Kuhle: Treating patients with MS with Bruton’s tyrosine kinase (BTK) inhibitors is currently being studied. So far, there are no BTK inhibitors approved for the treatment of MS, but preclinical and clinical data suggest that evobrutinib has the potential to inhibit MS mechanisms involved in disease activity and progression. The results on blood NfL, coupled with the previously published and presented attributes of central nervous system penetration as well as very high BTK occupancy, show that there is a strong potential for evobrutinib and BTK inhibition to play an important role in the treatment of people living with MS.

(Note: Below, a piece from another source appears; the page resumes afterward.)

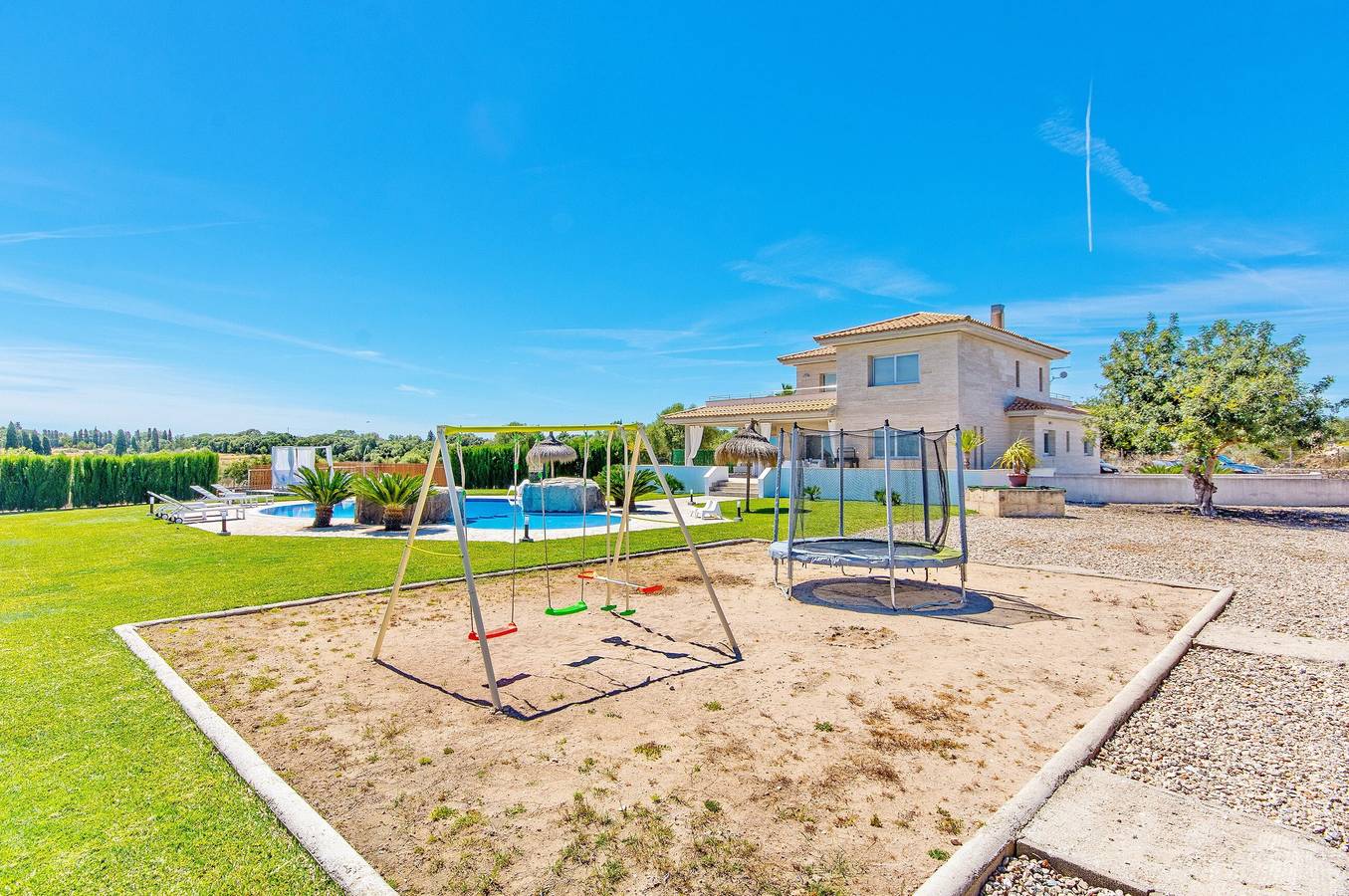 Modernes Bauernhaus "Finca Torrat" in der Nähe von Muro und Playa de Muro in Muro, Mallorca Norden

Healio Neurology: Can you provide a brief overview of the study results?
Kuhle: The data presented at AAN provide key insights into the role evobrutinib may play in modulating the clinical course of MS and further suggest that BTK inhibition with evobrutinib may reduce tissue damage associated with MS. In a post hoc analysis of the phase 2 placebo-controlled trial of evobrutinib in patients with relapsing MS (RMS), we evaluated 166 patients, with NfL values taken at baseline and at least one NfL value post-baseline.
The largest relative reductions of NfL levels were observed with evobrutinib 75 mg taken twice per day at weeks 12 and 24 compared with placebo. As elevated NfL is associated with clinical disability and brain atrophy in MS, these results, combined with the previous clinical trial data that demonstrated a reduction in T1 gadolinium-enhancing lesions and annualized relapse rates, further support the hypothesis that BTK inhibition with evobrutinib may impact both inflammatory and progressive aspects of MS within the CNS. Evobrutinib is the first BTK inhibitor to demonstrate reduction of NfL in patients with MS.
Healio Neurology: Did the study result in any surprising or unexpected findings?
Kuhle: We were hoping and expecting to find that evobrutinib was able to significantly reduce blood NfL levels, which predicts future brain atrophy and may have implications also for developing disease progression in patients with RMS. The findings from this analysis are encouraging and show a strong potential for evobrutinib in the treatment of people living with MS.
Healio Neurology also spoke with Davorka Tomic, executive medical director of global clinical development in neurology for Merck KGaA, regarding the next steps for evobrutinib. She described the new phase 3 studies of evobrutinib.
Healio Neurology: What are the next steps for this agent?
Tomic: Evobrutinib is currently being evaluated in phase 3 trials following the positive results of the phase 2 clinical trial, which was previously published in The New England Journal of Medicine. The two new trials, EVOLUTION RMS 1 and 2, are multicenter, randomized, parallel-group, double-blind, double-dummy, active-controlled studies of evobrutinib vs. teriflunomide, in participants with RMS. Each trial’s primary endpoint is annualized relapse rate over 96 weeks of treatment. Secondary endpoints include confirmed disability progression as measured by the Expanded Disability Status Scale, Patient-Reported Outcomes Measurement Information System related to physical function and fatigue and number of lesions on brain MRI.
Reference:
Kuhle J. The effect of evobrutinib, a BTK inhibitor, on blood neurofilament light chain levels in relapsing multiple sclerosis. Presented at: American Academy of Neurology Annual Meeting; April 17-22, 2021 (virtual meeting).